Retype all of the data word for word, without pictures.

Data excerpt:
________

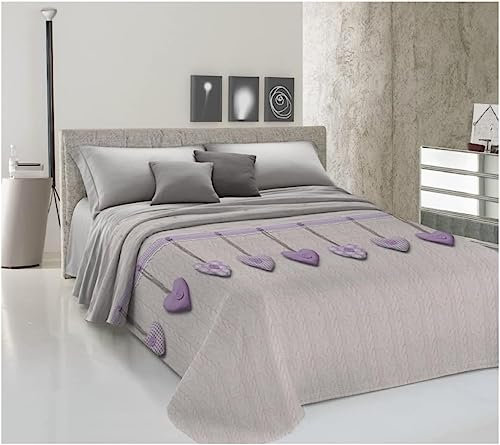 PELLECCHIA COLORI Copriletto Estivo Made in Italy 100% Cotone Piquet Cuori Appesi Lilla, Matrimoniale (260 x 280)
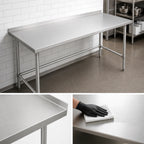 Thumbnail image #3 for John Boos Stallion ST4R1.5-30144SBK Stainless Steel Work Table, 144 x 30 Inches, 14-Gauge Top, 1-1/2-Inch Rear Up-Turn, Open Base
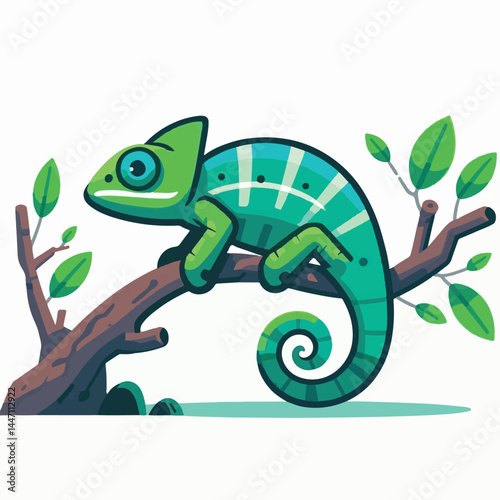 chameleon, animal, nature, green, reptile, art, wildlife, tropical, cute, camouflage, tail, lizard, colorful, beautiful, color, eye, fauna, pet, isolated, background, exotic, illustration, vector, whi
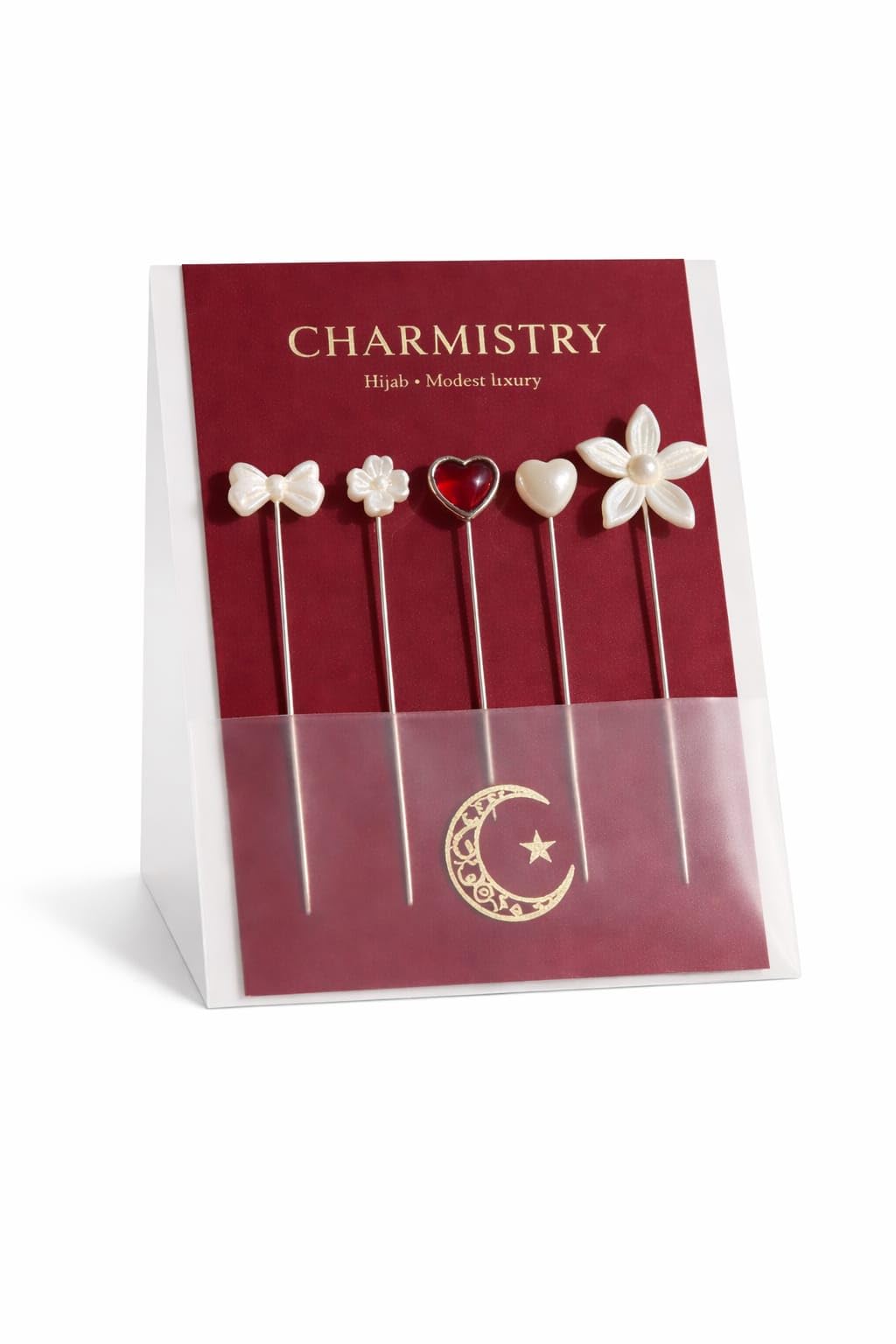 CHARMISTRY Hijab Pins Set of 5 | Pearl Decorative Scarf Pins for Women – Bow, Flower, Heart Designs | No Snag Long Hijab Safety Pins | Modest Wear Brooch Pin Set | Eid Ramadan Gift (Ivory Gold) | Korean hijab pins stylish for scarf for muslim women-image-9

________

Response to the exercise:
 PELLECCHIA COLORI Copriletto Estivo Made in Italy 100% Cotone Piquet Cuori Appesi Lilla, Matrimoniale (260 x 280)
 Thumbnail image #3 for John Boos Stallion ST4R1.5-30144SBK Stainless Steel Work Table, 144 x 30 Inches, 14-Gauge Top, 1-1/2-Inch Rear Up-Turn, Open Base
 chameleon, animal, nature, green, reptile, art, wildlife, tropical, cute, camouflage, tail, lizard, colorful, beautiful, color, eye, fauna, pet, isolated, background, exotic, illustration, vector, whi
 CHARMISTRY Hijab Pins Set of 5 | Pearl Decorative Scarf Pins for Women – Bow, Flower, Heart Designs | No Snag Long Hijab Safety Pins | Modest Wear Brooch Pin Set | Eid Ramadan Gift (Ivory Gold) | Korean hijab pins stylish for scarf for muslim women-image-9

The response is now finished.